A user’s BLSwallet contract can make a generic .call with arbitrary data only if called from its invoker (see action). The contract wallet is also responsible for incrementing its nonce.

A user must sign the chainId and the wallet contract’s nonce with the call data (amongst other things). This signed message can then be passed to the invoker to then action the corresponding signer’s BLSWallet.

Anyone (eg aggregator) can submit these signed messages to the invoker contract, and they are incentivised by a token reward. The amount to pay is part of the message signed for and is transferred by the invoker when making the wallet call.

There will also be a demo to construct, sign, and submit a dapp’s smart contract calls (individually or batched), and it might be some time before we see such things implemented in wallet plugins/apps/hardware.

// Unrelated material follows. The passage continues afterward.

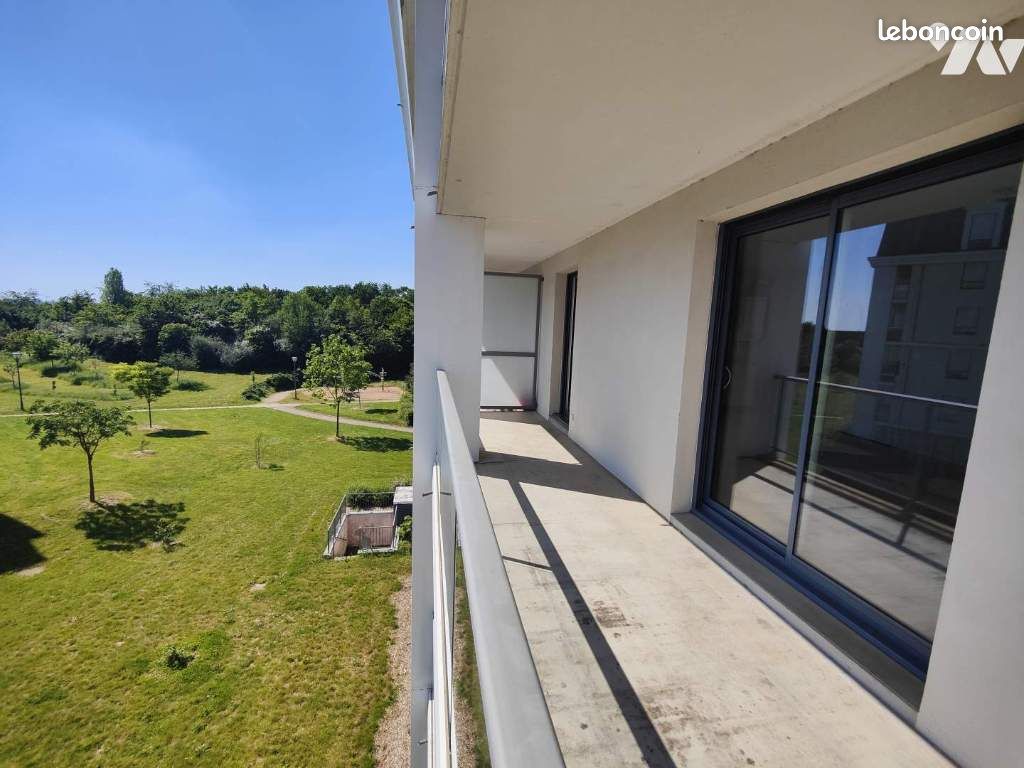 Appartement 3 pièces 68 m² · à Cesson-Sévigné · 68 m² · 234 000 €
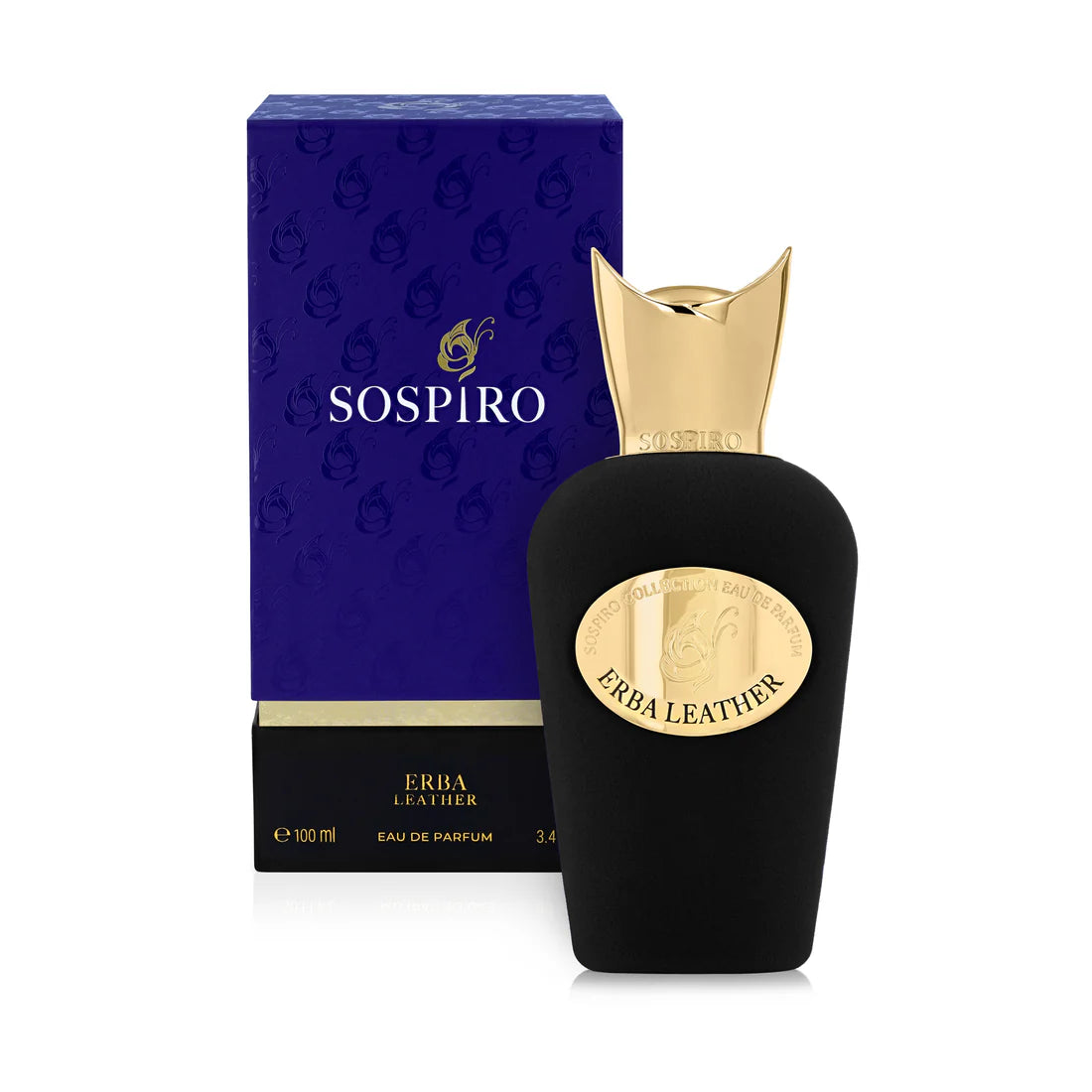 Erba Leather – Sospiro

My position on this as well. Though I do not have as much patience as you do to keep arguing :slight_smile: I feel like there is a fundamental change in what it means to give a signature. But arguments usually involve lots of use cases that I need to get into, and I get the feeling that the “burden of proof” is the reverse of what it should be. I also suggested an alternative, which may be similar to yours (multi-signature transaction type), but I do not have time to prepare an EIP properly, so I effectively lose the arguments because of that :frowning:

I am of the opinion that the 3074 authors have put forth a herculean effort to address all arguments. At this point, I do think the burden falls to others to construct a complete and sound counter-argument. Without that, then any proposal could be shot down by just someone saying “I’m not convinced” (perhaps without even reading through/understanding everything), and that would rapidly lead to stagnation.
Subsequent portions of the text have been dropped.